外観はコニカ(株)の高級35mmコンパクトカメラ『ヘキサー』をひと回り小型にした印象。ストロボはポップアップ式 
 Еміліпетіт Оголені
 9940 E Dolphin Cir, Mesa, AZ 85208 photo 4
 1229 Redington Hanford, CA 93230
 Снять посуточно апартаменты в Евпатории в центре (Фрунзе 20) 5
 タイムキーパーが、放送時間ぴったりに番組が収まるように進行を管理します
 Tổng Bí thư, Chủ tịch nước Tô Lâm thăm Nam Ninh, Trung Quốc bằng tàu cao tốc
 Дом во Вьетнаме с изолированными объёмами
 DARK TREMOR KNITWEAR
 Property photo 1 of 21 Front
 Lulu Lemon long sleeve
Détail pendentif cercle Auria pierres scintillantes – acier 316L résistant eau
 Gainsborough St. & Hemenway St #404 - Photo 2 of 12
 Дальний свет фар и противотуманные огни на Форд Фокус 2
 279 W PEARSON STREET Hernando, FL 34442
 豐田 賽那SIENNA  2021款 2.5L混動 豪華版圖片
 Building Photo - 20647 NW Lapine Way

▸ What this task involves: Reproduce the data in full. Nothing in it may be altered.

▸ Answer to this exercise:
外観はコニカ(株)の高級35mmコンパクトカメラ『ヘキサー』をひと回り小型にした印象。ストロボはポップアップ式 
 Еміліпетіт Оголені
 9940 E Dolphin Cir, Mesa, AZ 85208 photo 4
 1229 Redington Hanford, CA 93230
 Снять посуточно апартаменты в Евпатории в центре (Фрунзе 20) 5
 タイムキーパーが、放送時間ぴったりに番組が収まるように進行を管理します
 Tổng Bí thư, Chủ tịch nước Tô Lâm thăm Nam Ninh, Trung Quốc bằng tàu cao tốc
 Дом во Вьетнаме с изолированными объёмами
 DARK TREMOR KNITWEAR
 Property photo 1 of 21 Front
 Lulu Lemon long sleeve
Détail pendentif cercle Auria pierres scintillantes – acier 316L résistant eau
 Gainsborough St. & Hemenway St #404 - Photo 2 of 12
 Дальний свет фар и противотуманные огни на Форд Фокус 2
 279 W PEARSON STREET Hernando, FL 34442
 豐田 賽那SIENNA  2021款 2.5L混動 豪華版圖片
 Building Photo - 20647 NW Lapine Way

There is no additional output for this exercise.